Diandra masih enggan kembali ke kantor. Hatinya seperti tersayat saat Sandra mengirim pesan berisi foto Rendra bersama perempuan lain. Diandra tersenyum sendiri membayangkan raut wajahnya yang kesal bukan kepalang. Untuk apa dia marah, Diandra menepuk dahinya. Diandra ingat bahwa dia bukan siapa-siapa Rendra.
"Sikapmu aneh, Nak sejak kemarin Ibu tanya kamu nggak jawab", tanya sang ibu.
"Nggak ada. apa-apa, Bu. Diandra cuma penasaran kalau nggak masuk tiga hari kira-kira Dian kena skors nggak ya?".
"Aneh-aneh saja. Sudah kemasi barang-barangmu jangan lupa oleh-oleh untuk Sandra dan bos kamu", ibunya membantu Diandra melipat serta memasukkan dalam ranselnya. Diandra tertawa melihat sikap ibunya yang terkesan disiplin.
Diandra sedikit kesulitan saat akan mengangkat ranselnya ke dalam taksi.
"Balik ke kampus Mbak?", goda supir taksi. Dian tersenyum miring. Memang wajah yang terlihat imut dan tinggi hanya 158 cm membuatnya dikira anak sekolahan.
"Ke terminal ya, Pak", jawab Diandra acuh. Sepanjang perjalanan menuju Diandra hanya diam saja. Penumpang disebelahnya pun sedikit segan dengan sikap Diandra yang terlihat sombong. Ia hanya mencerna pesan Sandra yang diterimanya lewat ponsel.
"Sepertinya Rendra sudah dijodohkan", pesan singkat tapi menyengat dihati Diandra. Ia menghela napas mencoba untuk menata hati saat tiba di kantor nanti.

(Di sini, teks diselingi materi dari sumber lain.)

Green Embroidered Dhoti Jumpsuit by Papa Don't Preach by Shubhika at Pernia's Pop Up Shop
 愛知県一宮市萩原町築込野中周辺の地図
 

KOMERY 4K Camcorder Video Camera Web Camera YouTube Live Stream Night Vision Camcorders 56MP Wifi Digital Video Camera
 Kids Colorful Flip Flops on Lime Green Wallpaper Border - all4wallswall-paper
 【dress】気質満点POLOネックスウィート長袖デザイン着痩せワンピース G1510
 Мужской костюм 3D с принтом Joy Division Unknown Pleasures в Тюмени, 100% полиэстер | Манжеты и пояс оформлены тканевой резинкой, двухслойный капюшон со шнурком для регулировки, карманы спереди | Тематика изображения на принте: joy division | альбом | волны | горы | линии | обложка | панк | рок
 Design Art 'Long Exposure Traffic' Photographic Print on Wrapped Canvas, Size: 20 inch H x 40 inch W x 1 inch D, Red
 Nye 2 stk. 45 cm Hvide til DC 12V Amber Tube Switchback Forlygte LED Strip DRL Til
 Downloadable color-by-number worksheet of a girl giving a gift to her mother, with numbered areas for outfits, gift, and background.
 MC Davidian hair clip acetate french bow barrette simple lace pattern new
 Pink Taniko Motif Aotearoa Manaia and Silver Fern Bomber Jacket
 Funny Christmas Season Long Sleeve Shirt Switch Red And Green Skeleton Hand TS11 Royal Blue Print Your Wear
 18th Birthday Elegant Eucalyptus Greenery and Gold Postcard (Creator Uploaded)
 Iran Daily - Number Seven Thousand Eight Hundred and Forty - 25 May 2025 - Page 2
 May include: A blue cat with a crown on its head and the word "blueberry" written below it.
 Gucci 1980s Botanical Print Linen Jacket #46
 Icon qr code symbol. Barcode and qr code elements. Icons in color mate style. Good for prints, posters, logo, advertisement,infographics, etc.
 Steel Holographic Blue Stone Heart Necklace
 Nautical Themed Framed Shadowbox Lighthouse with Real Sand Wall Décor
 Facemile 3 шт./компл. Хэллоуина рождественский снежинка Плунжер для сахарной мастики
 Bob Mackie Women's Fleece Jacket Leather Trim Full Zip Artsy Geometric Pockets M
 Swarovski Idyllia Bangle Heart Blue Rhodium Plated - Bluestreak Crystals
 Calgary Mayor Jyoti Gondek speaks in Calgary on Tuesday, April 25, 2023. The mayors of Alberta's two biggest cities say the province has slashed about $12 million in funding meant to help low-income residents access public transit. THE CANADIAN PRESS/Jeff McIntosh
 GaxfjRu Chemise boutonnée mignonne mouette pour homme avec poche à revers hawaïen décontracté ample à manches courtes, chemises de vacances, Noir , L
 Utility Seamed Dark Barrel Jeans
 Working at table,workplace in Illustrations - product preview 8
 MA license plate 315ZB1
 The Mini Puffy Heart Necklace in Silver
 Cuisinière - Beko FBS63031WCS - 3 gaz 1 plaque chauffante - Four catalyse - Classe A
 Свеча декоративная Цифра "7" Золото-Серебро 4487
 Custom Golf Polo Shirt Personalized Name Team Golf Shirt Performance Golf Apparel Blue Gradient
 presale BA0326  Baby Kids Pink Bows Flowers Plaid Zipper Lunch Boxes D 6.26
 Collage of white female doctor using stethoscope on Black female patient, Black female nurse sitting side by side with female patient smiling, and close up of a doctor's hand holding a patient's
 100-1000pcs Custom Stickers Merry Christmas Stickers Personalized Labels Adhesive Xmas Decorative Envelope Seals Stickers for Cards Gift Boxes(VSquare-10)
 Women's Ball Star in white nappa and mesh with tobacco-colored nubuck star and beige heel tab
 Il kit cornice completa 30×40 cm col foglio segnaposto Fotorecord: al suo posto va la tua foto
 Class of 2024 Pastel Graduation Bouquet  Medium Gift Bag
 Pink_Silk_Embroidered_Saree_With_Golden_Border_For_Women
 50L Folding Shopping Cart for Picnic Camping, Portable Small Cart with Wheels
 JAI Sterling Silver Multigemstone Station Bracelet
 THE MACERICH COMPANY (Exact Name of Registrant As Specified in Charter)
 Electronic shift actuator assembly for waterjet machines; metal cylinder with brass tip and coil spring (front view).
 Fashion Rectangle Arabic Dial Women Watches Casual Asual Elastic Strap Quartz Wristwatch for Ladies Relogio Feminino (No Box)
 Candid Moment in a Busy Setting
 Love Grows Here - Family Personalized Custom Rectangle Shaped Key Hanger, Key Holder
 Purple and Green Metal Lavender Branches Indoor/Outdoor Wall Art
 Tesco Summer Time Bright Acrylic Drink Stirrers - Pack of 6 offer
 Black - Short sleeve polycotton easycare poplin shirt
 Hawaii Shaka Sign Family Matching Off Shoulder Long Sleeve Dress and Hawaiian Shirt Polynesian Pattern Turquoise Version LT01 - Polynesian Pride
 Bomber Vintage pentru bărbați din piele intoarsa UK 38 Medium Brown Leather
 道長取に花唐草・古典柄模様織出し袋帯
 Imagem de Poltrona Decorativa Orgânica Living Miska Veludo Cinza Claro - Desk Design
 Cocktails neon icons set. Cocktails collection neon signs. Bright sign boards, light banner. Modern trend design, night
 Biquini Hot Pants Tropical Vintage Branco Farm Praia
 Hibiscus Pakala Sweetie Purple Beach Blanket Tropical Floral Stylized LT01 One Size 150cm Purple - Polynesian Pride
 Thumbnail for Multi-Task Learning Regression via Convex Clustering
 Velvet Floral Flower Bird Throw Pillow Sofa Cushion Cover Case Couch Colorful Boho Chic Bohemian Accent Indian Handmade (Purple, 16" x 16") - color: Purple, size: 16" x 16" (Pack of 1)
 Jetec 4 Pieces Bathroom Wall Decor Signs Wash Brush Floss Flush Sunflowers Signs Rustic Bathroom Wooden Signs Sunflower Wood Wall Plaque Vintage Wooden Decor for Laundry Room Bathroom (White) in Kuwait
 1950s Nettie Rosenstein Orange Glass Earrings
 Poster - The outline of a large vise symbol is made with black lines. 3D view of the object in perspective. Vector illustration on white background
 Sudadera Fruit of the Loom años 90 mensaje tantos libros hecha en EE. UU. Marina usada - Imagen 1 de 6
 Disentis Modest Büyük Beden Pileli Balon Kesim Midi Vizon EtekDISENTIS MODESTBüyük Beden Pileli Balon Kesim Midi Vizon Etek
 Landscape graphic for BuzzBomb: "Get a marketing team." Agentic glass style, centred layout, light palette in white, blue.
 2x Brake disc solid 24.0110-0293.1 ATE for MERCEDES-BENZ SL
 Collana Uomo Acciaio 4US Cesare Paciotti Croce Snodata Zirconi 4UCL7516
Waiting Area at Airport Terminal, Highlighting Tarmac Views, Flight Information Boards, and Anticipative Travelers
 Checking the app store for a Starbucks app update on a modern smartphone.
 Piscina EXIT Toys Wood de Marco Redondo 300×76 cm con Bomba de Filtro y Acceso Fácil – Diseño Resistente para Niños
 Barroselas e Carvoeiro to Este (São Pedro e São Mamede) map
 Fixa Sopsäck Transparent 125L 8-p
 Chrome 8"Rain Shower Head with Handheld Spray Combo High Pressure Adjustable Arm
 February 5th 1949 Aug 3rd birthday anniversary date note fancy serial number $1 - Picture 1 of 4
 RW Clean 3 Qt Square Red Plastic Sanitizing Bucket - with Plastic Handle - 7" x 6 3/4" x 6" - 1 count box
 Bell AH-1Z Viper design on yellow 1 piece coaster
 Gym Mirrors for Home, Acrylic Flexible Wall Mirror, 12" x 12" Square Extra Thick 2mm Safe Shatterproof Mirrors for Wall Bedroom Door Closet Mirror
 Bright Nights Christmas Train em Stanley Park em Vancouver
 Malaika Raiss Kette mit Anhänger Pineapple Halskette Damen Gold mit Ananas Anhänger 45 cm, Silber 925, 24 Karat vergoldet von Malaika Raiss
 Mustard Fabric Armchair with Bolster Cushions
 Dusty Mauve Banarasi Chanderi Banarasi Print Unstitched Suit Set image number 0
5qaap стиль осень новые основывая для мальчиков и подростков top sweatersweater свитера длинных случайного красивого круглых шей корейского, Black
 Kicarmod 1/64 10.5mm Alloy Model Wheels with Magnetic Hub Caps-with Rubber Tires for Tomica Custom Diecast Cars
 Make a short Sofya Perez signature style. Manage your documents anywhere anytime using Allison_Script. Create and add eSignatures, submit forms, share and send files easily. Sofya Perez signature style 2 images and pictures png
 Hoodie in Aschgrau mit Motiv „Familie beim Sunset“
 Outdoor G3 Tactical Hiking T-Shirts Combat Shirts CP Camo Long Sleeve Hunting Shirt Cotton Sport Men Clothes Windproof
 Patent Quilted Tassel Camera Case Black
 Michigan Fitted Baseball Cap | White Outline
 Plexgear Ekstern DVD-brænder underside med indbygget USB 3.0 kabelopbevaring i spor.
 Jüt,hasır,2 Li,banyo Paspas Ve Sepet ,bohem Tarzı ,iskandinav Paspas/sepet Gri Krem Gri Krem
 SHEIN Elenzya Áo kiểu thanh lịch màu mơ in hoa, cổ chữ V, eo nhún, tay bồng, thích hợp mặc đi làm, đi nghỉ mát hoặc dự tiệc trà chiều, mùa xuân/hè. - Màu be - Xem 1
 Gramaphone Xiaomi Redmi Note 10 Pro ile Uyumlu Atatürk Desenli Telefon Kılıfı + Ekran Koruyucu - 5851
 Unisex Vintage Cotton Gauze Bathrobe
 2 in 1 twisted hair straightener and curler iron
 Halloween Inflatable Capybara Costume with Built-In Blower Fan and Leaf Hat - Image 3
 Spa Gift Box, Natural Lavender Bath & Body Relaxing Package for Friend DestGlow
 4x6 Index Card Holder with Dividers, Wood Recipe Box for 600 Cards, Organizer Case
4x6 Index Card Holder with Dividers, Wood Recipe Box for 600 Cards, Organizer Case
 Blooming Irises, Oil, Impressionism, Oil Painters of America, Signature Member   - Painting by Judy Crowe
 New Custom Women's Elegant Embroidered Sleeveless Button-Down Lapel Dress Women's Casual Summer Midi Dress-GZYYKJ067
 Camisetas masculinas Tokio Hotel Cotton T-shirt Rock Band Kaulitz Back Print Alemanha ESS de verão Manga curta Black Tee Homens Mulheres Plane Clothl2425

"Hai, selamat datang kembali", sapa Heni. Ia seorang teman di kost. Diandra tersenyum lepas dan memeluknya. Diandra undur diri untuk beristirahat dikamarnya sebelumnya ia memberikan oleh-oleh untuk semua teman kost.
"Mungkin besok aku harus bersikap wajar saja dan melupakan kejadian itu", tegas Diandra.
Esoknya Diandra sudah siap dimejanya. Ia melihat email apa ada laporan yang harus ia cek. Diandra tersenyum begitu banyak email yang sudah masuk, dengan seksama ia salin dan kirim ke email Rendra. Diliriknya jam tangan yang melingkar di tangan kiri. Terlambat sepuluh menit, batin Diandra. Suara ketukan sepatu membuatnya mendongak dari pekerjaannya. Rendra datang dengan seorang perempuan dan ternyata dia adalah adik kandung sang bos.
Hati Diandra serasa disiram air es, dingin sekaligus lega. Bibirnya merekah seraya menyapa mereka berdua.
"Selamat pagi, Pak. Selamat pagi juga Mbak Rere". Tak hanya sang sekretaris tetapi juga sang pimpinan sumringah membalas sapaan.
"Hari ini pasti berhasil!", pekik Rendra dalam hati.